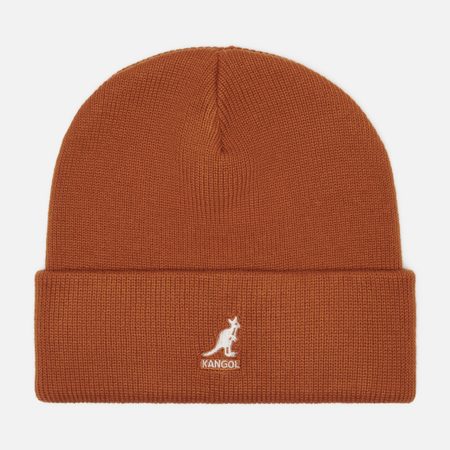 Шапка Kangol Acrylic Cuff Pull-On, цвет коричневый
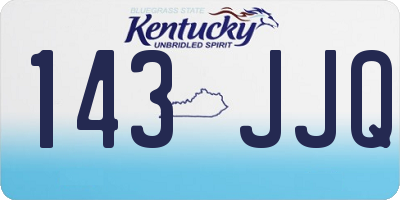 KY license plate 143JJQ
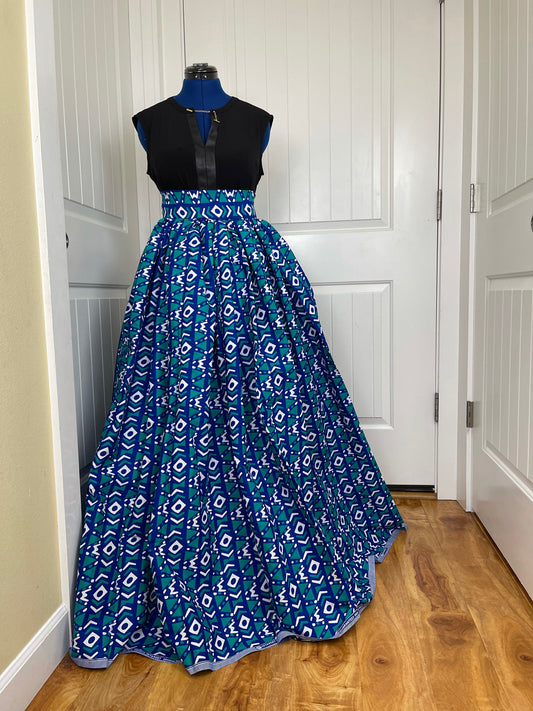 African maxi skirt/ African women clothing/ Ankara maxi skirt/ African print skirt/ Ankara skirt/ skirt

■ What is needed
Leaving out the pictures, output the listing above exactly as given.

■ Worked solution
 Шапка Kangol Acrylic Cuff Pull-On, цвет коричневый
 KY license plate 143JJQ
 African maxi skirt/ African women clothing/ Ankara maxi skirt/ African print skirt/ Ankara skirt/ skirt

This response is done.